# Exercise description
Look in the data below for the line that has "Domestication of Divine", then print exactly every line from there through the line that has "350mm Voron skirt mod for 40mm extrusion", leaving pictures out.

# Supplied records
>>>

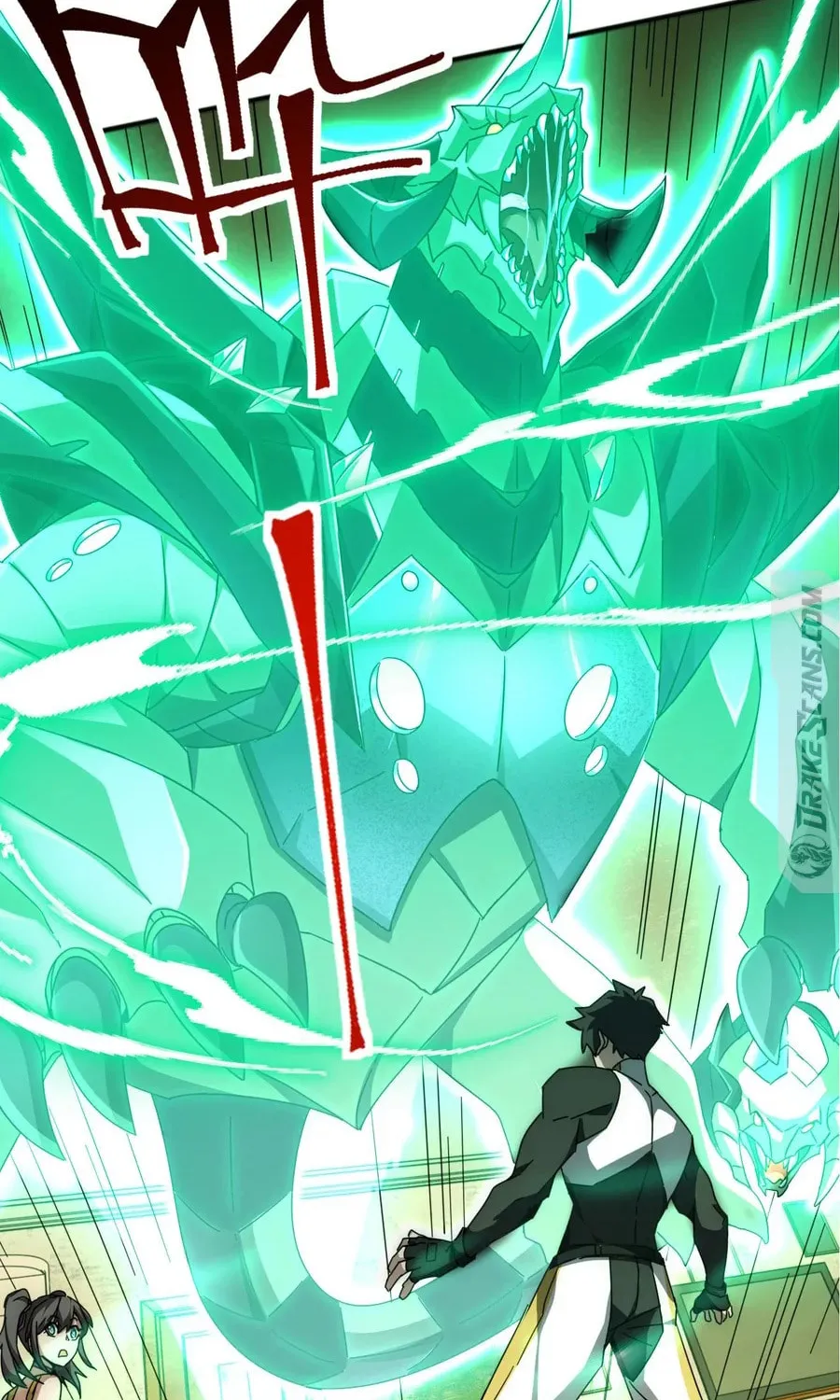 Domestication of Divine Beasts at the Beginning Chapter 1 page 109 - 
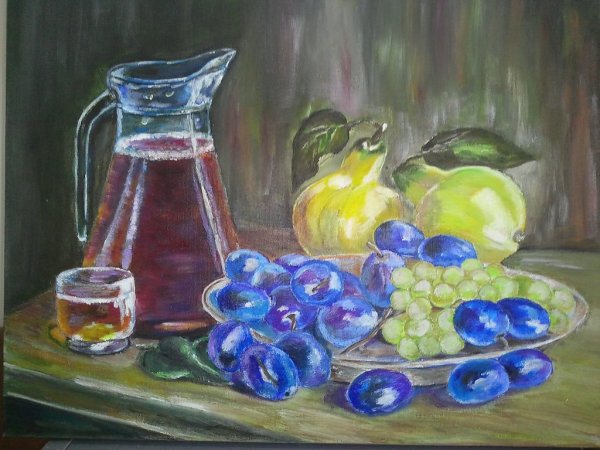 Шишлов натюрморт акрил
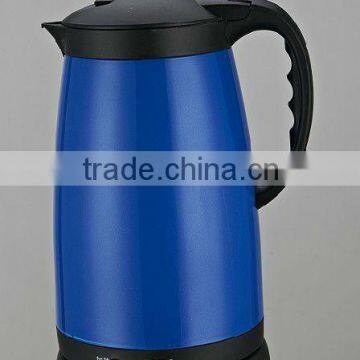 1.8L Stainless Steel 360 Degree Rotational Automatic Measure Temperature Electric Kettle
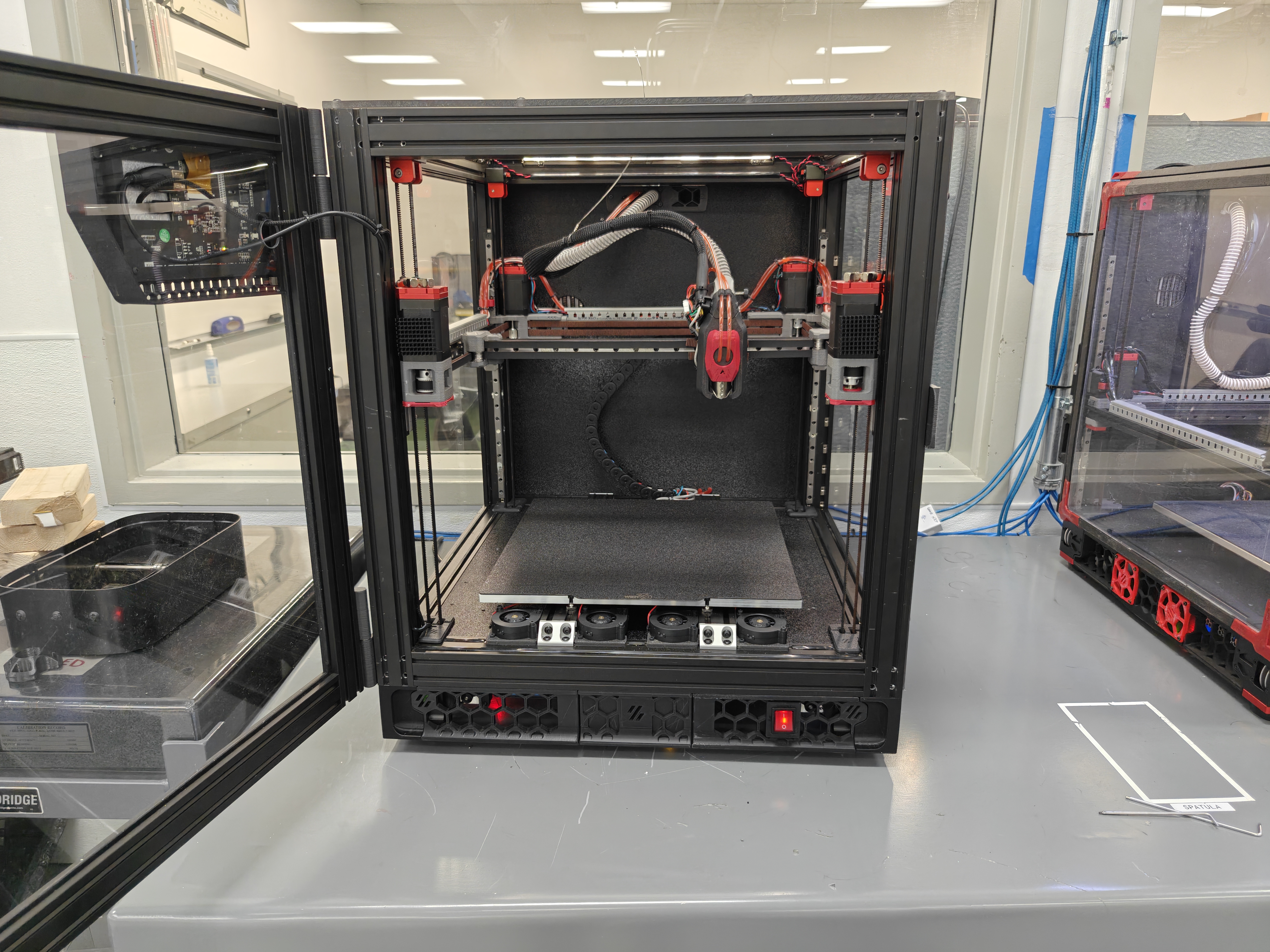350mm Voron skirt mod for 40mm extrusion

<<<
>>>

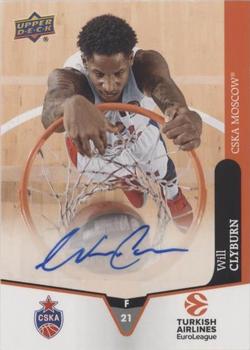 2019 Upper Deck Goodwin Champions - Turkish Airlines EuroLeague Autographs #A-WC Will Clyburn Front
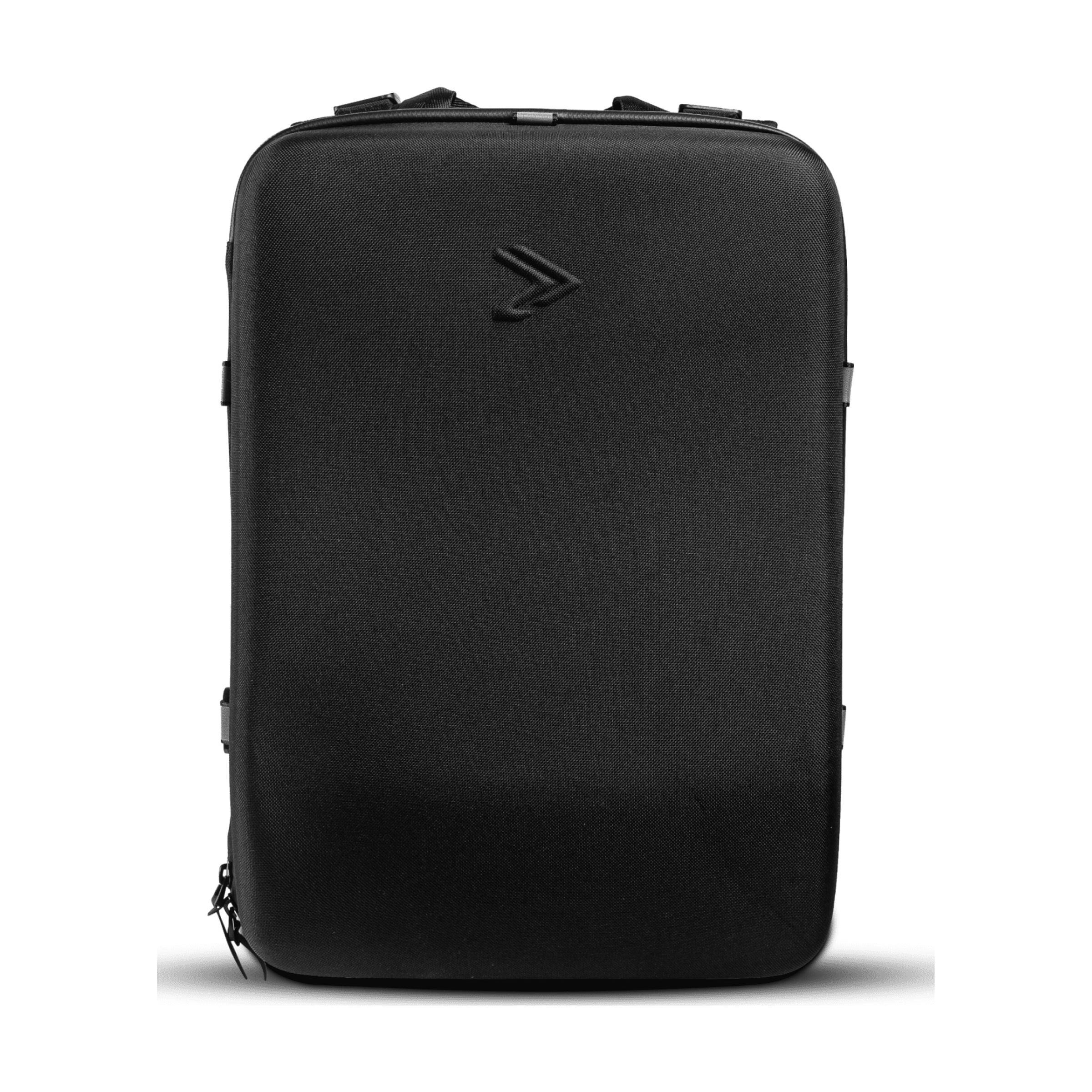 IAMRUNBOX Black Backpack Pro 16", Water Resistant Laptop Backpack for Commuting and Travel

<<<

# Task answer
 Domestication of Divine Beasts at the Beginning Chapter 1 page 109 - 
 Шишлов натюрморт акрил
 1.8L Stainless Steel 360 Degree Rotational Automatic Measure Temperature Electric Kettle
350mm Voron skirt mod for 40mm extrusion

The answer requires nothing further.